Pays de tradition conservatrice, l'Égypte a adopté dans les années 2000 plusieurs lois progressistes sur le statut de la femme. L'âge légal du mariage est passé de 16 à 18 ans, le harcèlement sexuel et l'excision sont devenus des infractions pénales, les droits des mères divorcées vis-à-vis de leurs enfants ont été consolidés. «Moubarak ne s'intéressait pas particulièrement à ces questions mais il les a toujours abordées comme autant de points négociables, explique Nehad Abu el-Komsan. Autrement dit, il lâchait sur les droits de la femme pour ne pas avoir à le faire sur la torture ou sur la liberté d'expression.»

«L'ignorance et la pauvreté»

Sitôt arrivés au Parlement, les élus du parti Justice et liberté, émanation des Frères musulmans, ont réclamé la suppression du Conseil des droits de la femme, créé par Suzanne Moubarak, qui à leurs yeux incarnait trop clairement l'ancien régime. Un signal ambigu que Mohammed Morsi, soucieux d'éviter les procès en obscurantisme, s'est employé à corriger début juin: «Des lois protégeant les femmes existent déjà et je n'entends pas les modifier, qu'il s'agisse de l'âge légal du mariage, de la khola ou de l'excision.»

«Cette controverse sur les droits de la femme est le fruit d'une campagne méthodique de l'ancien régime pour tenter de discréditer les Frères musulmans», se défend pour sa part la député islamiste Azza el-Garf, devenue la bête noire des féministes depuis qu'elle s'est déclarée favorable à la révision de sept textes encadrant le mariage, le divorce et la garde des enfants au motif qu'ils seraient «nuisibles à la société». «La vérité, c'est que nous n'avons déposé aucun projet de loi en ce sens car notre priorité est de favoriser l'émancipation des femmes par le développement économique du pays», jure-t-elle aujourd'hui, sans convaincre ses nombreux détracteurs.

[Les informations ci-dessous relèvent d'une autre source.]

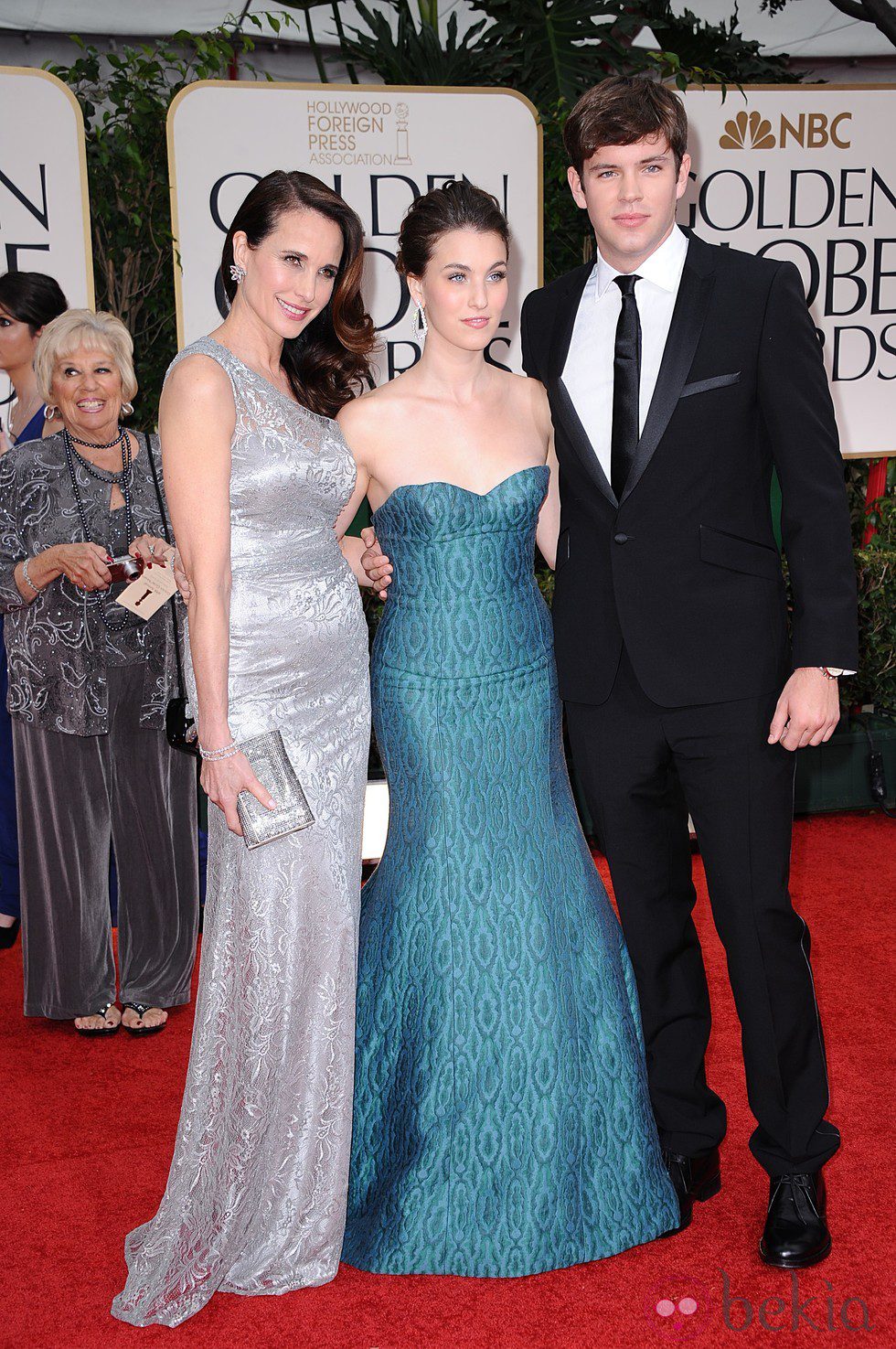 Andie MacDowell en la alfombra roja de los Globos de Oro 2012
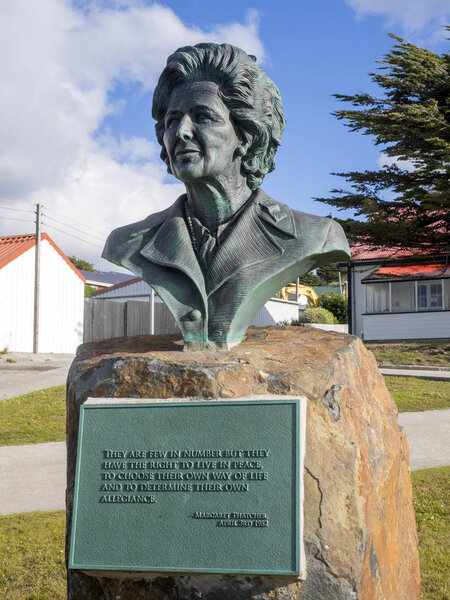 памятник павшим в Аргентинской Фолклендской войне, Фолклендские острова
, 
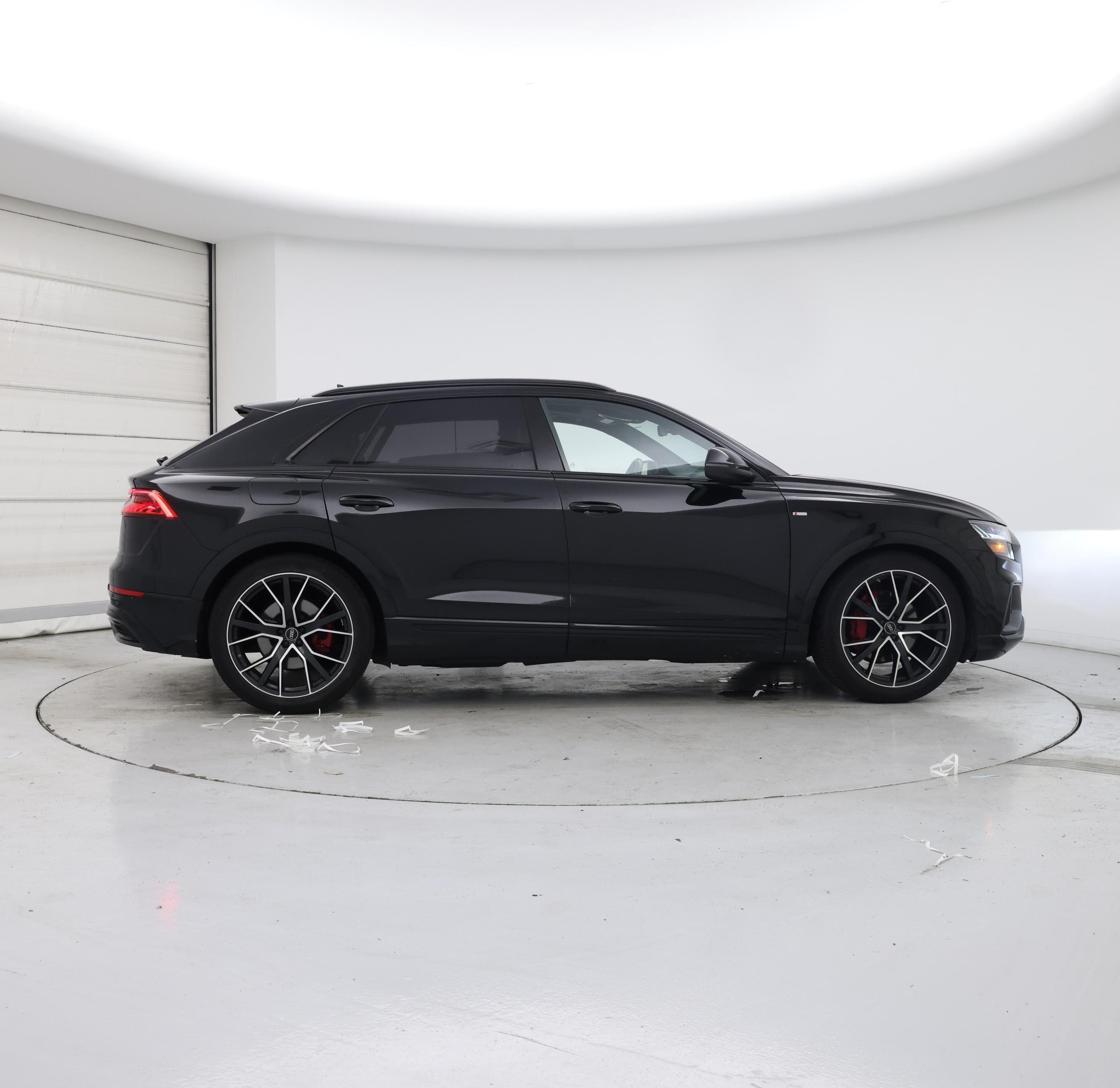 Thumbnail: 2022 Audi Q8 - 7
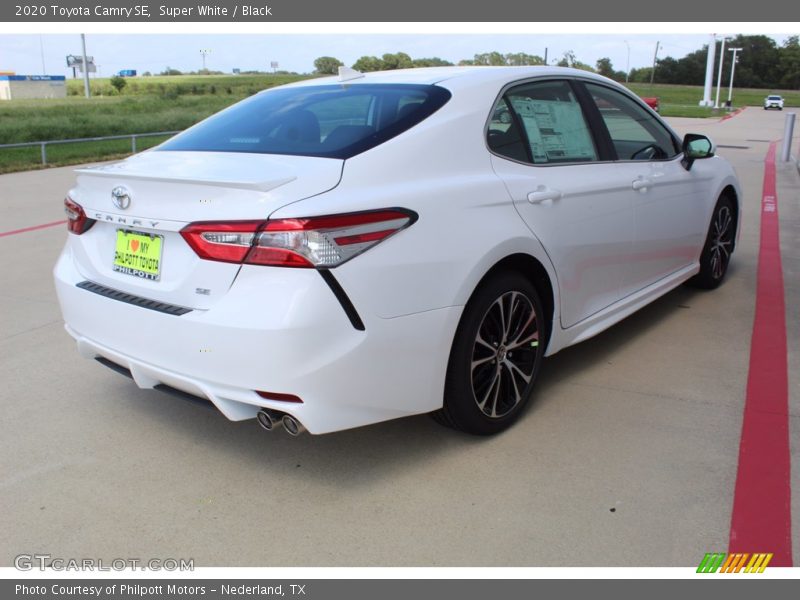 Super White / Black 2020 Toyota Camry SE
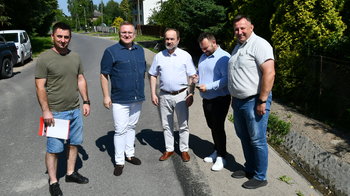Obraz główny aktualności o tytule Wyremontowano przepust przy drodze powiatowej w Osieku 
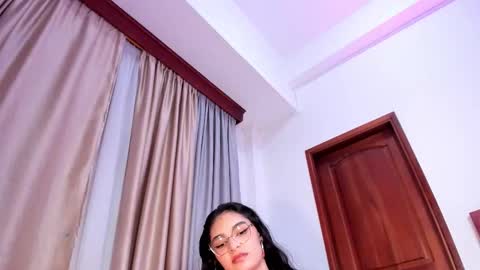 Snapshot of lunaaspen chatting on September 2025 08:34:01 PM Luna Aspen online show from September 2025 08:34:01 PM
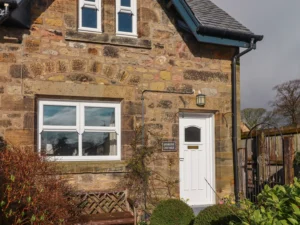 Alnmouth budget pet friendly cottage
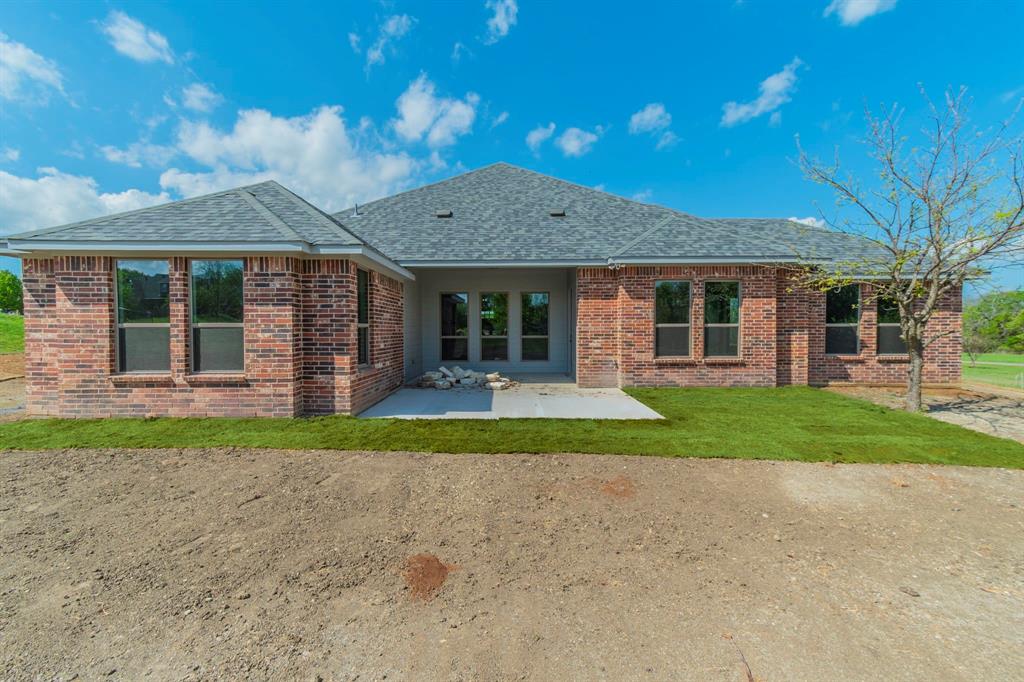 26 Kentucky Court Van Alstyne, TX 75495 - Photo 35 of 40 a front view of a house with a yard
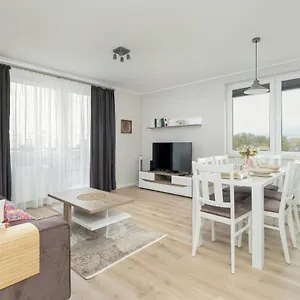With 2 Bedrooms And Free Garage By Renters Apartament Poznań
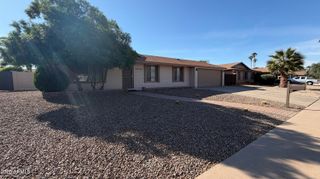 3733 E CHARTER OAK Road, Phoenix, AZ 85032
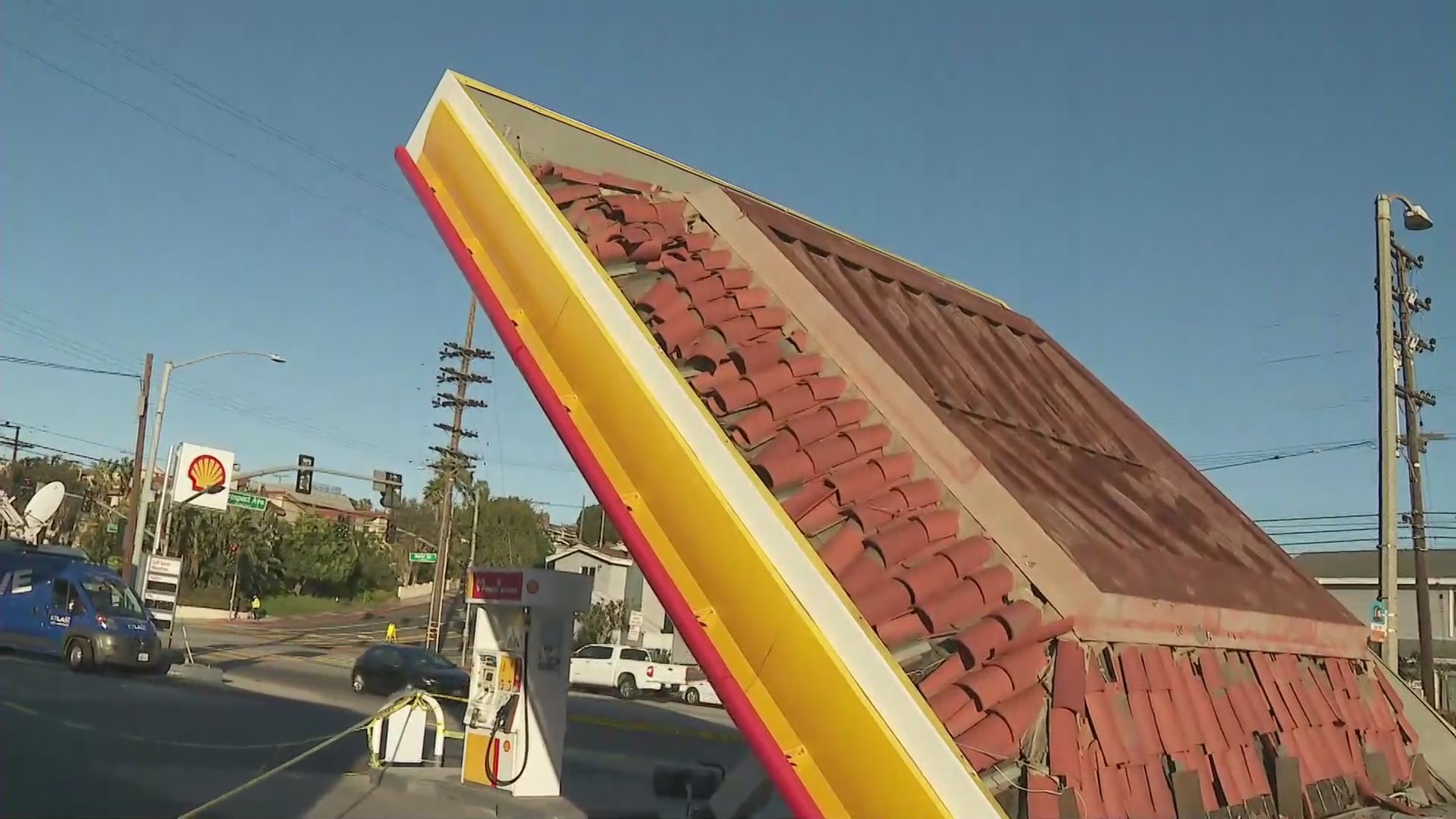 A Shell Gas Station canopy collapsed amid strong winds on March 15, 2021. (KTLA)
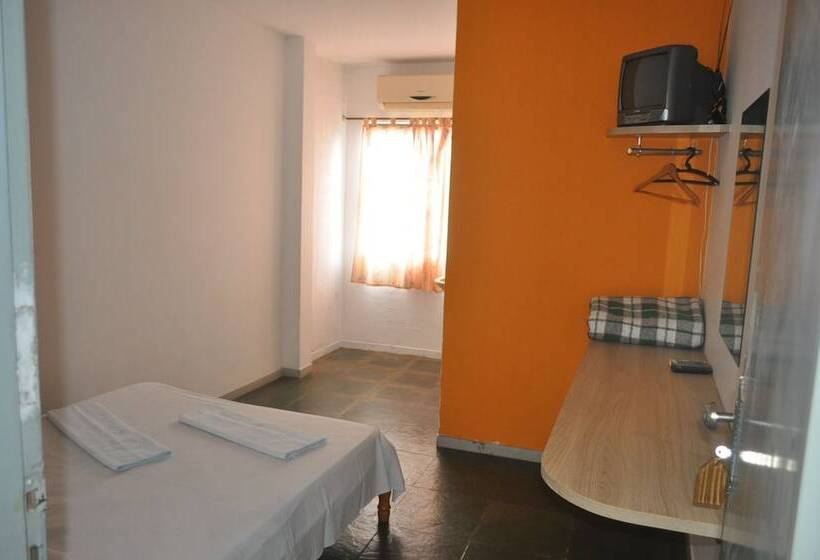 Quarto Estandar, Cataratas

Comme nombre de féministes, Hadil el-Sheikh estime ainsi que la récente montée de l'islamisme fait peser sur les Égyptiennes une pression qui n'existait pas autrefois. «Il y a cinq ans, la banque qui m'emploie interdisait aux femmes voilées de se trouver en contact avec les clients, raconte-t-elle. Aujourd'hui, il me suffit de sortir en robe pour essuyer des regards plus ou moins hostiles des passants, et parfois des remarques menaçantes.»

Issue d'une famille très pieuse, Imen Mohamed incarne un autre visage de la femme égyptienne. Âgée de 23 ans, portant le voile mais ne dédaignant pas une certaine coquetterie, elle rêve de marcher sur les traces de Mona Chazly, célèbre présentatrice de talk-shows dont elle apprécie «la tenue respectable» et «le langage toujours soutenu». «Bien plus que l'islamisme, plaide-t-elle, c'est l'ignorance et la pauvreté qui favorisent l'oppression des femmes égyptiennes.» À l'entendre, leur statut ne serait nullement menacé par l'arrivée au pouvoir des Frères musulmans.